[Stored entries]
+ + + + +

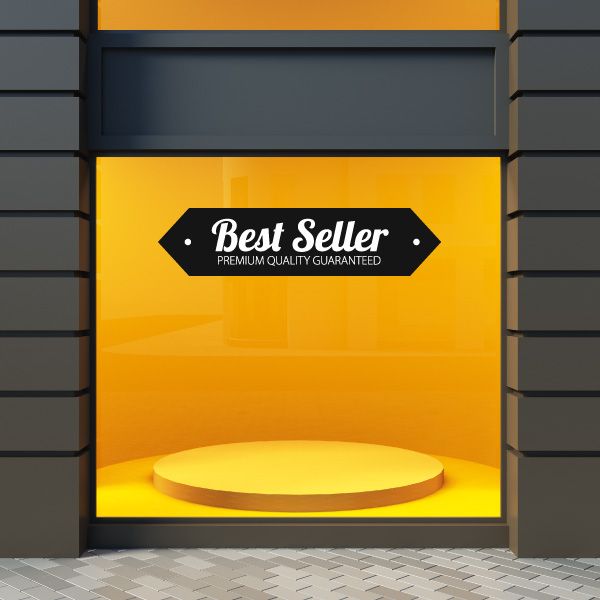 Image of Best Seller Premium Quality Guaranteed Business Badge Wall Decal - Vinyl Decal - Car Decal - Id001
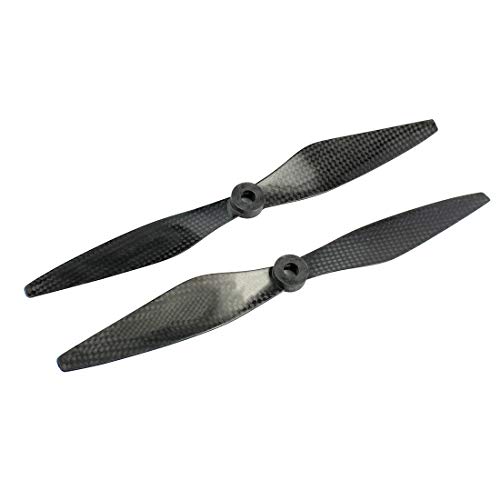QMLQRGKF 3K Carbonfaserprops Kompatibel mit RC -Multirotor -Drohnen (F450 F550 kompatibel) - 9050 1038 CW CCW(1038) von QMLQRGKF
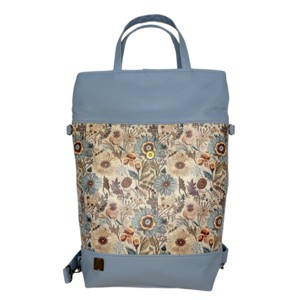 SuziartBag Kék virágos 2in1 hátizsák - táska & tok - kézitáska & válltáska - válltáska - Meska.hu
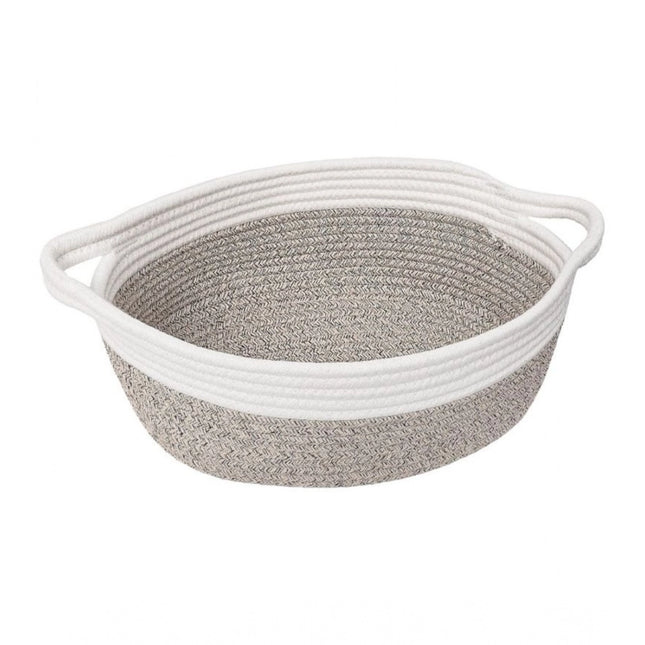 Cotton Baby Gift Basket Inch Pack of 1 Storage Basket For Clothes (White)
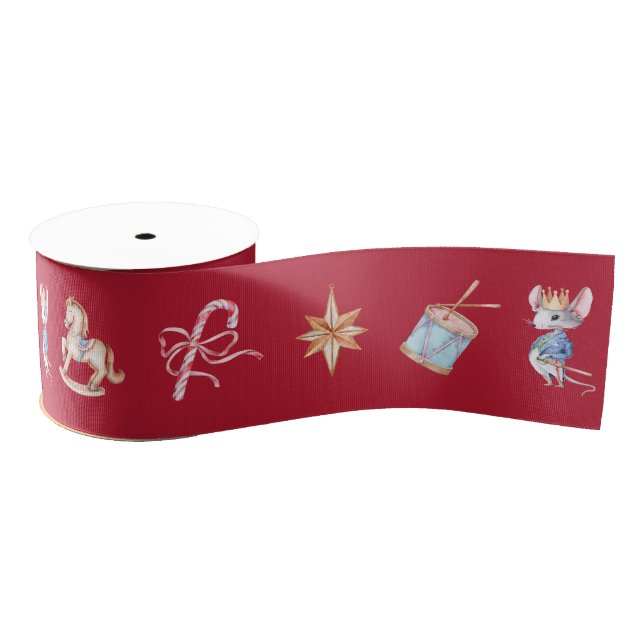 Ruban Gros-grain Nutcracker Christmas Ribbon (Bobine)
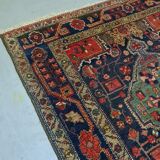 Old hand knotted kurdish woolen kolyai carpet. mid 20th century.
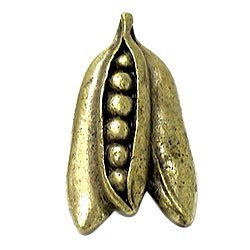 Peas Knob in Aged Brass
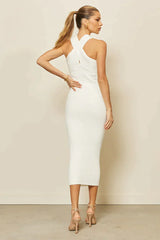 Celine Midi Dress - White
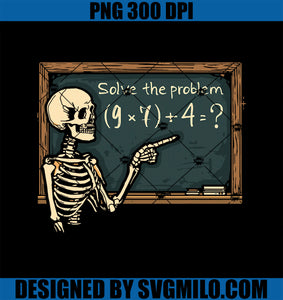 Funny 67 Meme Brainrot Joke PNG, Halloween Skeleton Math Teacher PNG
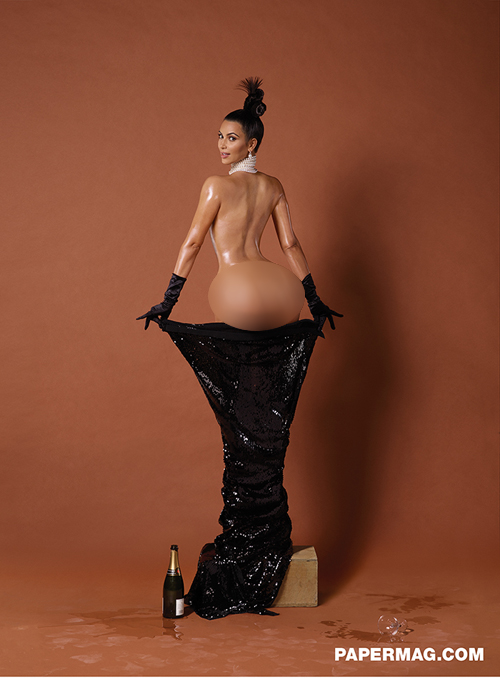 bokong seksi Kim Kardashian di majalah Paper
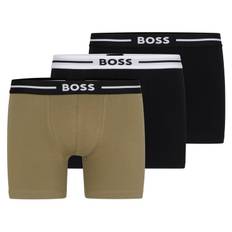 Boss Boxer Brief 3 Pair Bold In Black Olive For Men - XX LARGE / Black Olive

+ + + + +

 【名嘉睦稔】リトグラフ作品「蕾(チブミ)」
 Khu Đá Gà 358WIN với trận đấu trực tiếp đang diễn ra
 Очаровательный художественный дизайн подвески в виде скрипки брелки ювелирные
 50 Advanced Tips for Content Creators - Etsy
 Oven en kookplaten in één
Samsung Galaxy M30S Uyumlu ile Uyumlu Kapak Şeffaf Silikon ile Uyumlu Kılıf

+ + + + +

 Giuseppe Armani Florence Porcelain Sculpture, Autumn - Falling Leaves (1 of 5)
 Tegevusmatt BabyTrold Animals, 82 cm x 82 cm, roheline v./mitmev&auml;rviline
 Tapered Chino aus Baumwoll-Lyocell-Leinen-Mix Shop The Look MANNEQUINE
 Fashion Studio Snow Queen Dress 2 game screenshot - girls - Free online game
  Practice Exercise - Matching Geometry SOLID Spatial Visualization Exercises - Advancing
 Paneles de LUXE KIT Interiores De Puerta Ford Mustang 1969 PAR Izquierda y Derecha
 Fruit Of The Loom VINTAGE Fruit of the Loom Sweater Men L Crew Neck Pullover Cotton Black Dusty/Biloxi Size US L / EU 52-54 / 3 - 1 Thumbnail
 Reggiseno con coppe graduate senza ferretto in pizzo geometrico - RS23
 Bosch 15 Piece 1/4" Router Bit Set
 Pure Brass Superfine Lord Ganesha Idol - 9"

+ + + + +

> WORK ORDER:
Starting at the line above with "Image of Best", output every line exactly up to and including the line with "Boss Boxer Brief", but none of the pictures.

> SOLUTION:
 Image of Best Seller Premium Quality Guaranteed Business Badge Wall Decal - Vinyl Decal - Car Decal - Id001
QMLQRGKF 3K Carbonfaserprops Kompatibel mit RC -Multirotor -Drohnen (F450 F550 kompatibel) - 9050 1038 CW CCW(1038) von QMLQRGKF
 SuziartBag Kék virágos 2in1 hátizsák - táska & tok - kézitáska & válltáska - válltáska - Meska.hu
 Cotton Baby Gift Basket Inch Pack of 1 Storage Basket For Clothes (White)
 Ruban Gros-grain Nutcracker Christmas Ribbon (Bobine)
 Old hand knotted kurdish woolen kolyai carpet. mid 20th century.
 Peas Knob in Aged Brass
 Celine Midi Dress - White
 Funny 67 Meme Brainrot Joke PNG, Halloween Skeleton Math Teacher PNG
 bokong seksi Kim Kardashian di majalah Paper
 Boss Boxer Brief 3 Pair Bold In Black Olive For Men - XX LARGE / Black Olive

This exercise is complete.